= Maurice Tadadjeu =

Maurice Tadadjeu (1950-2012 in Cameroon) was a vice-president of the African Union's Economic, Social and Cultural Council of Central Africa.

He was a co-creator of the General Alphabet of Cameroon Languages in the late 1970s.

In 1996 he became Founding Director of NACALCO Center for Applied Linguistics in Yaoundé, Cameroon.
From 1993 to 1997 Prof. Tadadjeu was Head of the Department of African Languages and Linguistics at the University of Yaoundé. He was also Professor of Linguistics at the University of Yaoundé.

Prof. Tadadjeu was a founding member of the African Academy of Languages.

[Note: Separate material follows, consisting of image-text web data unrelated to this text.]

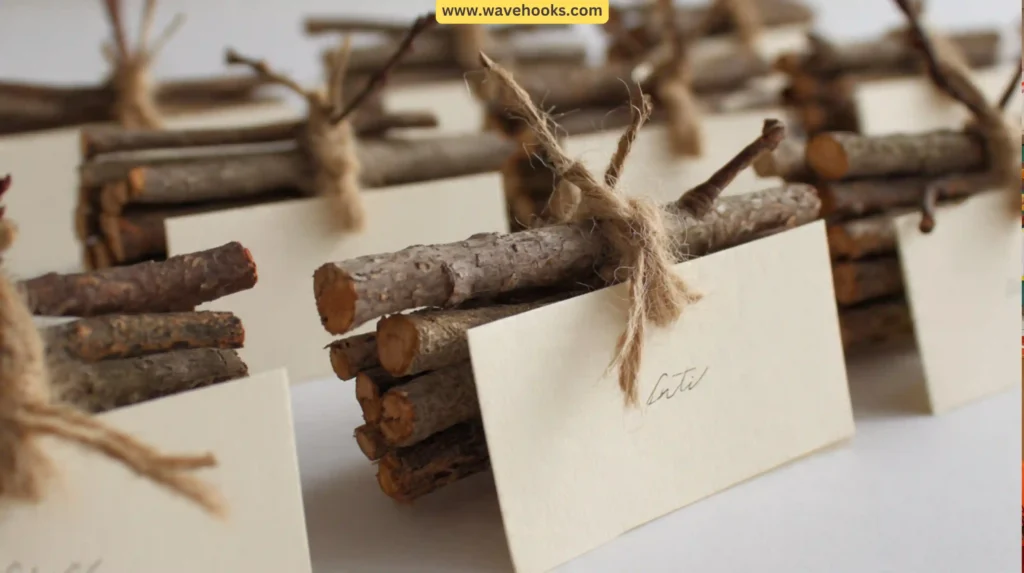 Twig Place-card Holders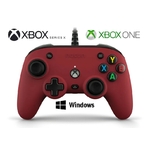 Matériels informatique manette NACON Pro Compact Controller Filaire Rouge infinytech Réunion 01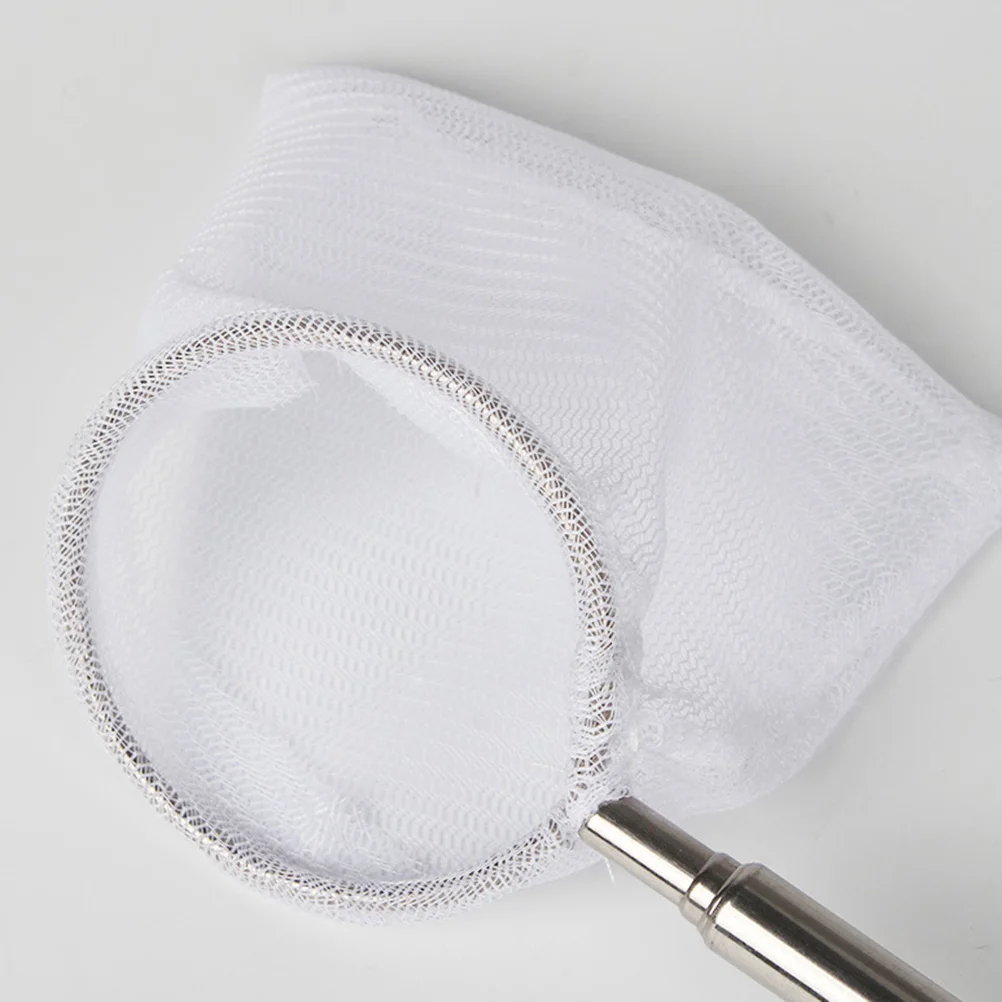 

Telescopic Fishing Extendable Landing Durable Stainless Steel Handle Coated Fine Mesh Tangle-Free High-Grade Nylon Saltwater
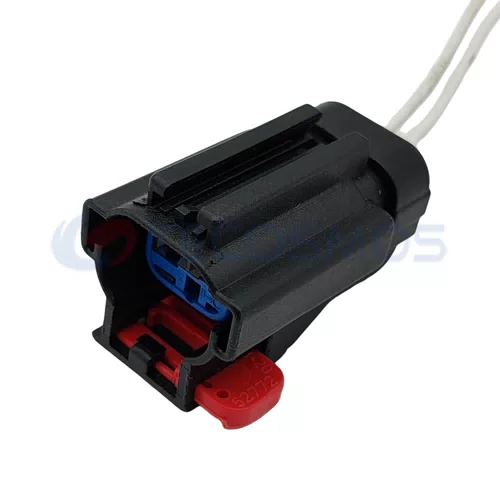 Auto Parts Low Coolant Level Sensor 14.0L. EGR Temperature Sensor for Wrangler Dodge Mercedes 2pin Female 54200206-2 - image 3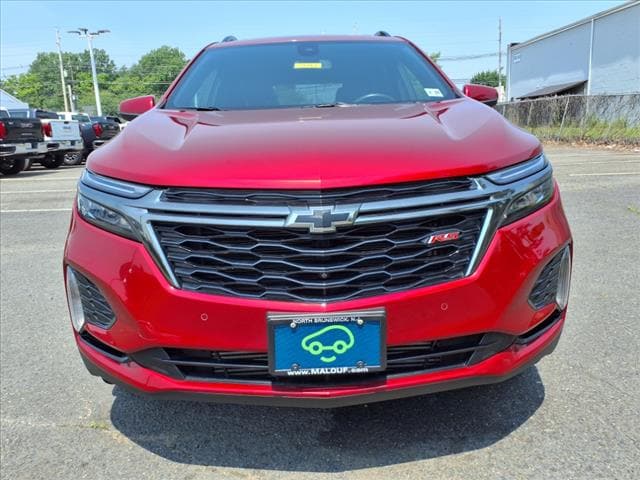 Used 2022 Chevrolet Equinox RS with VIN 2GNAXWEV7N6136929 for sale in North Brunswick, NJ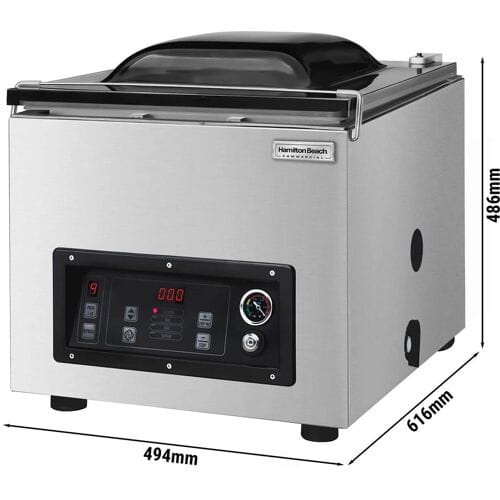 HAMILTON BEACH PrimaVac™ HVC406 - Kamer vacuümsealer - 24m³/uur - 1 kW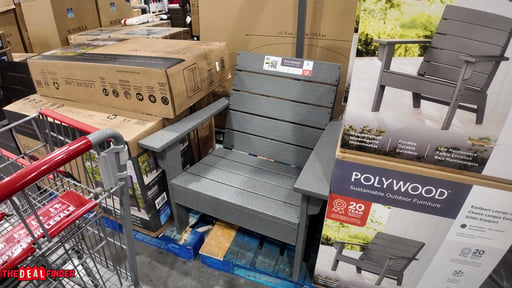 POLYWOOD Eastport Lounge Chair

He died on December 30, 2012.

==Selected works==
- Démocratie de Partage du Pouvoir : Pour le Modèle P3 au Cameroun [Academic Literature, ANACLAC/NACALCO, 1997]
- Confédération des Etats Unis d'Afrique [Academic Literature, Editions BUMA KOR, 1996]
- Training manual for the teaching of national languages in primary schools [Reference book, Collection PROPELCA, 1991]
- Le defi de Babel au Cameroun [Academic Literature, Collection PROPELCA, 1990] (Co-authored with Elisabeth Gfeller and Gabriel Mba)

==Achievements==
In 2005 Prof. Tadadjeu was awarded the Linguapax Prize.